Attention, parents who hold aspirations of higher education for your children. No matter how young they might be, it’s not too soon to start planning and saving. Ample proof comes in an op-ed written earlier this month for The Seattle Times by Sandi Halimuddin, a recent graduate of the University of Washington.

According to Halimuddin: “Over the past 10 years, the cost of public higher education has risen more than 104 percent. … In Washington state alone, more than half of university students graduate with $22,244 of average debt.” For that, Washingtonians can blame, for the most part, double-digit annual increases in tuition over the past few years.

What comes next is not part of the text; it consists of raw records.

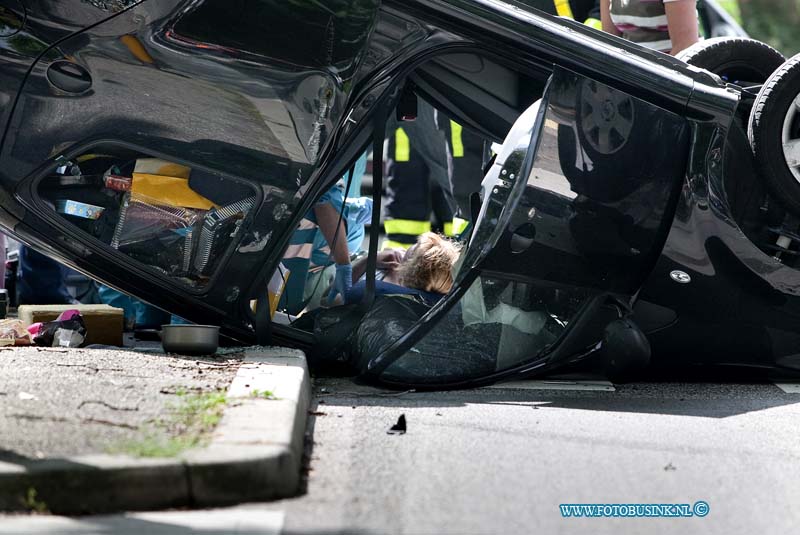 10081301.jpg - FOTOOPDRACHT:Dordrecht:13-08-2010:Bij een 1 zijdig ongeval op de Galileilaan t/m van de Schuilenburg raakte een auto een boom en vloog over de kop 1 persoon raakte daarbij bekneld en gewond de brandweer moest er aan te pas komen en de gewonde werd door de ambulance naar het ziekenhuis afgevoerd.Deze digitale foto blijft eigendom van FOTOPERSBURO BUSINK. Wij hanteren de voorwaarden van het N.V.F. en N.V.J. Gebruik van deze foto impliceert dat u bekend bent  en akkoord gaat met deze voorwaarden bij publicatie.EB/ETIENNE BUSINK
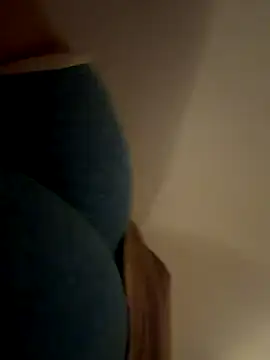 Snapshot of sabrina_rosee chatting on 11/11/25, 01:11 sabrina rosee online show from 11/11/25, 01:11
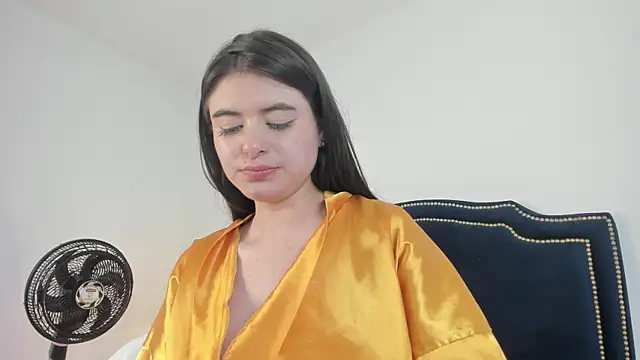 LiliCarterm online show from 10/21/25, 07:42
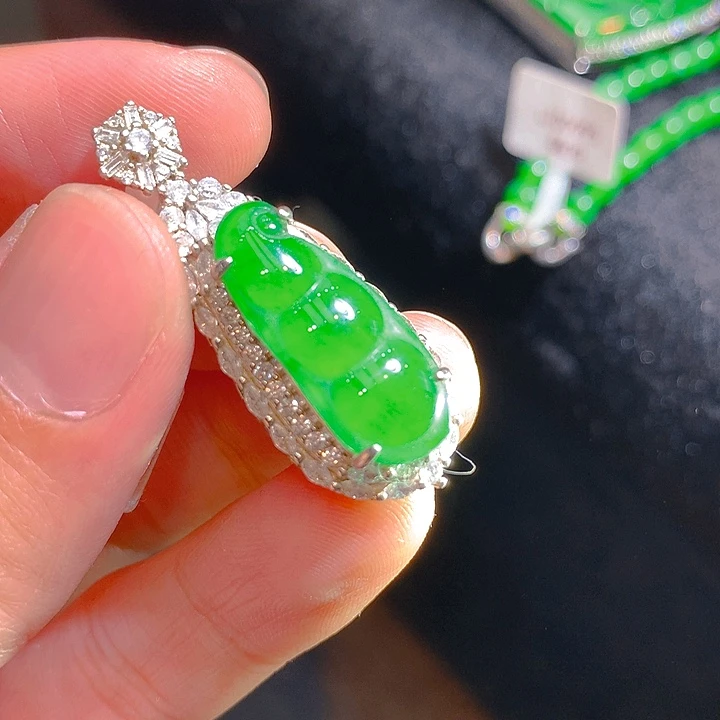 【闪购商品】翡翠颈饰银S925镶嵌翡翠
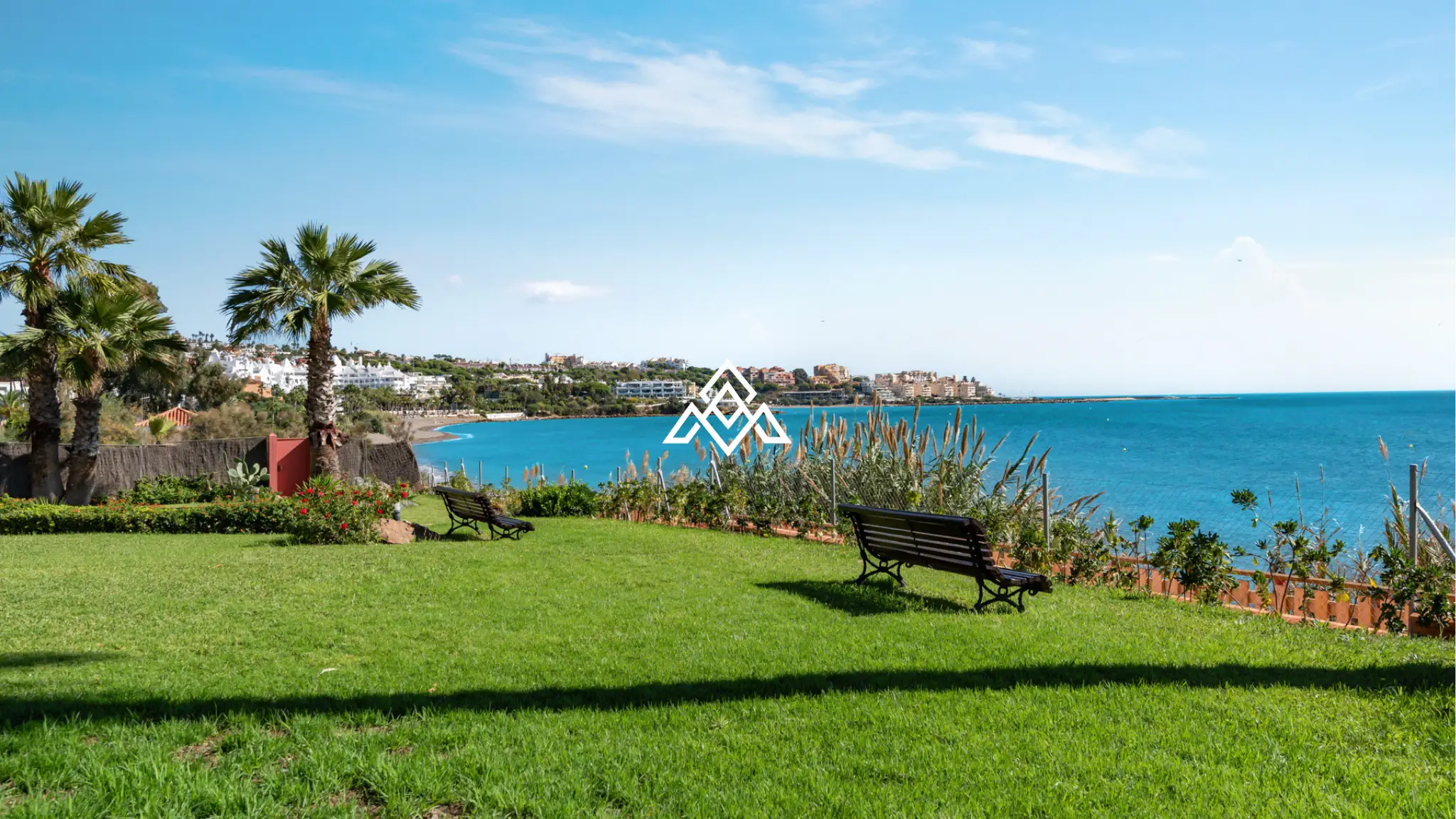 Bahia Azul townhouse with terrace, garden access and beachfront location in Estepona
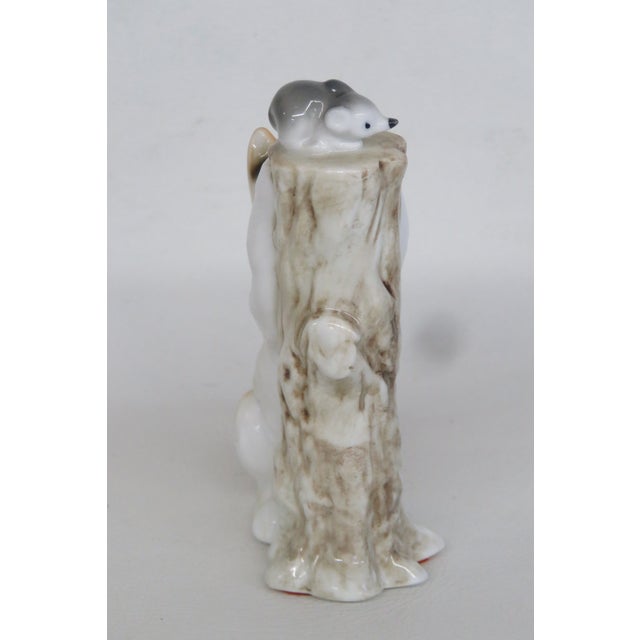 Bone China Taiwan Tabby Cat Chasing Mouse Up a Tree Stump Ceramic Figurine 4964b For Sale - Image 9 of 14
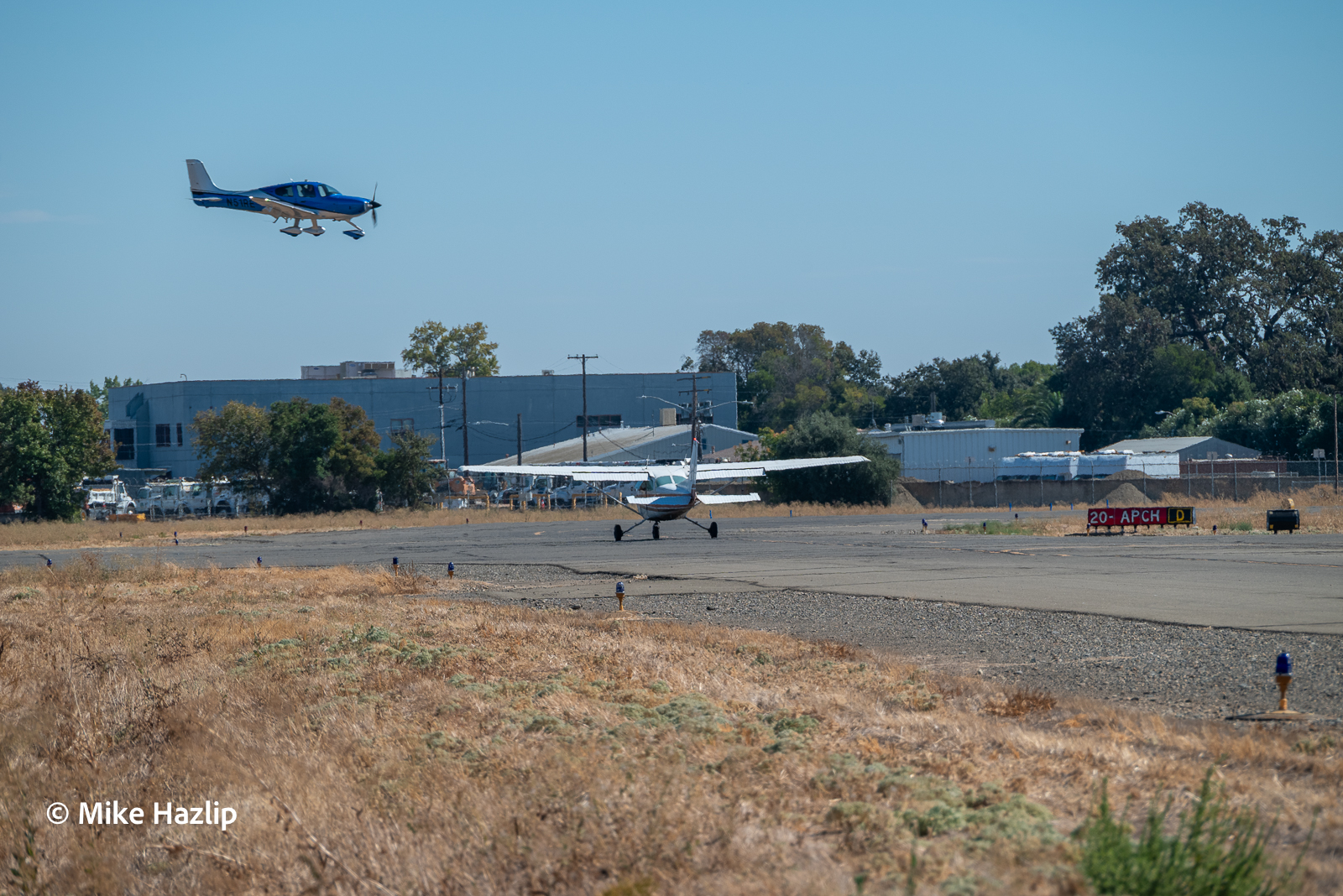 Pilots go all in as EAA Vintage Chapter 25 deals poker run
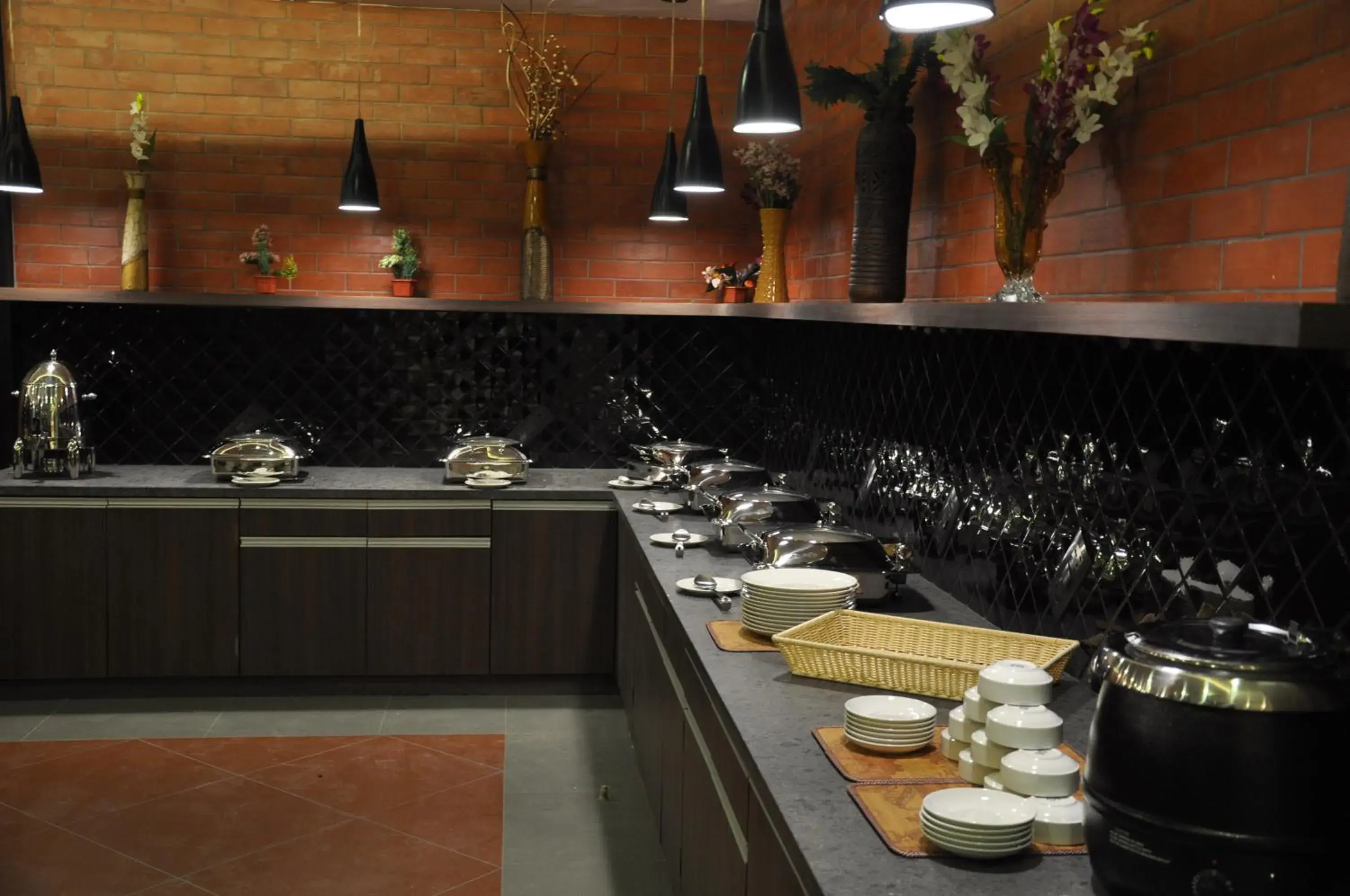 Breakfast in Pride Biznotel Manjusar Vadodara Near Sokhda Lake Breakfast in Pride Biznotel Manjusar Vadodara Near Sokhda Lake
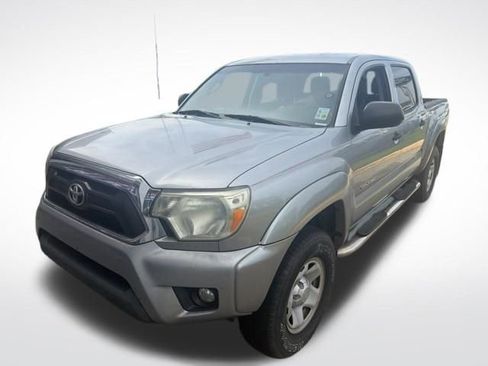 Used 2015 Toyota Tacoma PreRunner w/ SR5 Package image 3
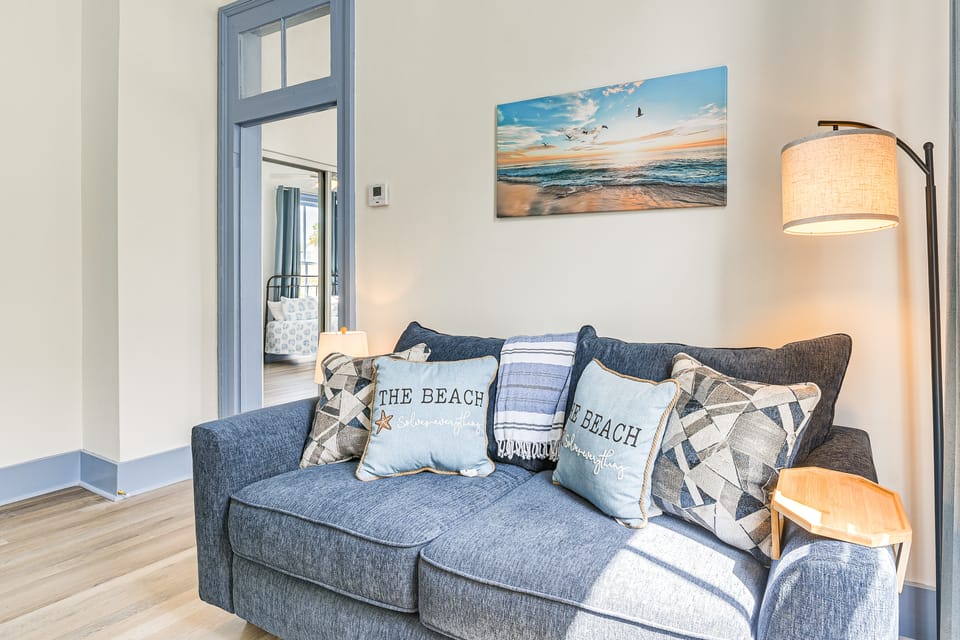 Walk to Strand District: Historic Galveston Home Apartment in Texas City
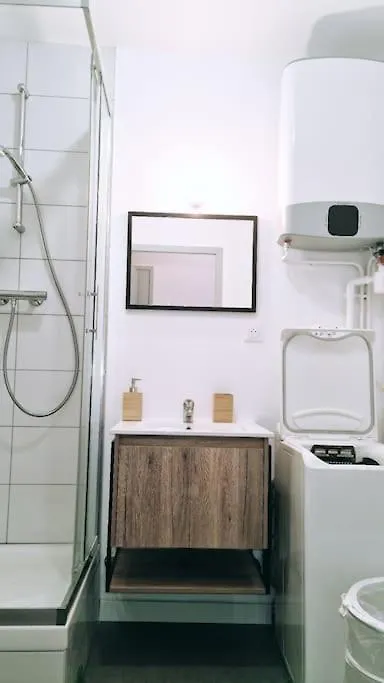 Apartment Le Cosy Central Moderne Et Chaleureux Saint-Etienne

As daunting as those statistics might appear, they paint only part of the picture that modern parents confront as they try to prepare to pay for their sons’ and daughters’ degrees. Another article in The Times, by higher education reporter Katherine Long, reveals the challenge to be especially imposing for middle-income parents and students “because they are caught between two financial realities: Their family incomes are too high for them to get financial aid but too low to pay for much — or sometimes any — of their schooling.”

It might provide a little consolation if we could report that elected officials are trying to help parents and college students solve this problem. Sadly, though, at both the state and federal levels, foot-dragging politicians are making matters worse by prolonging the uncertainties.

In Olympia, legislators can count higher education as one of many government functions that are held hostage as the budget wrangling extends deep into the second special session. Many tuition decisions have yet to be made. Institutions and students are left wondering how to plan. No one is sure about the cost of college finances, except that they will be painfully high.

In Washington, D.C., members of Congress are facing a July 1 deadline, after which, without their action, interest rates on the most popular form of student loans will double. As the Los Angeles Times reports: “The twist is that, instead of picking another fight with Democrats over how to cover the cost of the program, Republicans are backing a long-term solution that’s similar to one President Obama proposed in his latest budget. Obama and his fellow Democrats, however, are now holding out for a more comprehensive deal that addresses other higher-education programs.”

Even if a best-case scenario unfolds, times will continue to be tougher for parents and students trying to pay for higher education. In Long’s story, she reported that “78 percent of Washington (state) families don’t make enough money to be able to pay tuition, fees and living expenses at any of the state’s four-year schools out of their yearly earnings.” Long cited figures from the Washington Student Achievement Council, which replaced the state’s Higher Education Coordinating Board.

Most parents are willing to do whatever it takes to pay for their children’s higher education. It’s time for politicians to match the parents’ intensity of resolve.